Page MenuHomePhabricator

Reload monthly article quality dataset into wikireplica "datasets_p"
Closed, DeclinedPublic

Description

Now that quarry is using the new DB hosts (T176694: Switch Quarry to use *.analytics.db.svc.eqiad.wmflabs as replica database host), the article quality dataset used to measure the Keilana Effect is no longer available in via quarry.

I'd like to T173513: Create a database on the wikireplica servers called "datasets_p" and get this dataset reloaded before the workshop.

Creation statements

USE datasets_p;
CREATE TABLE monthly_wp10_enwiki (
  page_id       INT UNSIGNED,
  rev_id        INT UNSIGNED,
  timestamp     VARBINARY(14),
  prediction    VARCHAR(200),
  weighted_sum  FLOAT(4, 3),
  PRIMARY KEY(page_id, timestamp)
);
CREATE INDEX page_idx ON monthly_wp10_enwiki (page_id);

Data to be loaded:

This task is done when: A Quarry user can join the monthly article quality dataset with the replica tables for enwiki.

Event Timeline

Halfak created this task.Oct 27 2017, 2:07 PM
Restricted Application added a subscriber: Aklapper. · View Herald TranscriptOct 27 2017, 2:07 PM

See discussion of "datasets_p" and what we'd like to do with datasets like this one in T173511. My goal in filing this task is that this dataset will serve as an example for the general process for loading curated dataset tables onto these replicas.

Halfak updated the task description. (Show Details)Oct 27 2017, 2:11 PM
Halfak updated the task description. (Show Details)
Halfak added a subscriber: diego.

@diego, this is the task for loading that article quality dataset I showed you through Quarry a few days ago.
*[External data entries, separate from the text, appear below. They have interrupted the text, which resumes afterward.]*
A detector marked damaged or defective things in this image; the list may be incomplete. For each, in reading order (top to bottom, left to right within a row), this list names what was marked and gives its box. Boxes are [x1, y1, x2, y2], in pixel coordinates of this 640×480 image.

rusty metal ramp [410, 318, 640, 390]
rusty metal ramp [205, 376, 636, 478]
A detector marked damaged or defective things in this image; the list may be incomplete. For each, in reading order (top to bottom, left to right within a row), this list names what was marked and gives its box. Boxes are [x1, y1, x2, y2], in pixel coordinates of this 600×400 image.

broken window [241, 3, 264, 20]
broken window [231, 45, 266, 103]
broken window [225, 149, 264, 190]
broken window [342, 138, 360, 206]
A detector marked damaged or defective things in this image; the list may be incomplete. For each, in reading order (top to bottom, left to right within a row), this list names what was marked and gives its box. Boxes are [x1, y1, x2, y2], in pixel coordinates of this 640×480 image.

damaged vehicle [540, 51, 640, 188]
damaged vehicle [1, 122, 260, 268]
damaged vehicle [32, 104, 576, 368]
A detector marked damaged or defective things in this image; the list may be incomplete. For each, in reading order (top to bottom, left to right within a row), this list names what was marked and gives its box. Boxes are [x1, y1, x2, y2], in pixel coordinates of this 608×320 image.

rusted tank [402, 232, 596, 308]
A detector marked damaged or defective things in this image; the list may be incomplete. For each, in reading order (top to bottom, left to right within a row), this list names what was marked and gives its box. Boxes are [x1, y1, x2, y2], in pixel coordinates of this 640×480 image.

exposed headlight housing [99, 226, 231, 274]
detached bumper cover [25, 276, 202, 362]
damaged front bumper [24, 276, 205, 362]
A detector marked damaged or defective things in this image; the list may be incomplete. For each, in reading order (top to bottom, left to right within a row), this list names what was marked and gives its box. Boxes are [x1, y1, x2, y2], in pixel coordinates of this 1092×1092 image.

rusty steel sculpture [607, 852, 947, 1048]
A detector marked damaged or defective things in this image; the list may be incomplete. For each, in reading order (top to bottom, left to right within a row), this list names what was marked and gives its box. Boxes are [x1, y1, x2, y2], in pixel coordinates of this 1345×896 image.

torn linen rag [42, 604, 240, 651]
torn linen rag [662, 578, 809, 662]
I'd like to use this in our workshop at IWSC.

Not sure what is needed from us (DBAs) as we do not handle create statements (https://wikitech.wikimedia.org/wiki/Schema_changes#What_is_not_a_schema_change). I will remain subscribed just in case I can help and/or advise :-)

Not sure what is needed from us (DBAs) as we do not handle create statements (https://wikitech.wikimedia.org/wiki/Schema_changes#What_is_not_a_schema_change). I will remain subscribed just in case I can help and/or advise :-)

This is something to be done after the discussion on T173511: Implement technical details and process for "datasets_p" on wikireplica hosts has found a way for what I have been calling "curated datasets" to be replicated across the *.{analytics,web}.db.svc.eqiad.wmflabs cluster (labsdb10{09,10,11}). The main new info for cloud-services-team and the DBA team that @Halfak is presenting here is that he would like this problem to be solved close to immediately (~1.5 weeks). I'm not entirely sure that this is actually possible, but we can try. I would really rather not hack this solution together quickly and create tech debt that we will have to undo later.

This comment was removed by Halfak.

I see what you're saying, @bd808. We're currently in a reduced capacity and have been for a while. I was under the impression that you were aware that this has been "immediately" needed since I'd originally filed T173511. After IWSC, there will be more workshop, more analyses, and more wiki tools that want to take advantage of this data, so it will continue to be "immediately" needed. I'd really appreciate a stop-gap for this workshop, but I understand if it is not possible/desirable to prioritize this in time for IWSC. If that is the case, we can edit the description to drop the desired date to make it clear.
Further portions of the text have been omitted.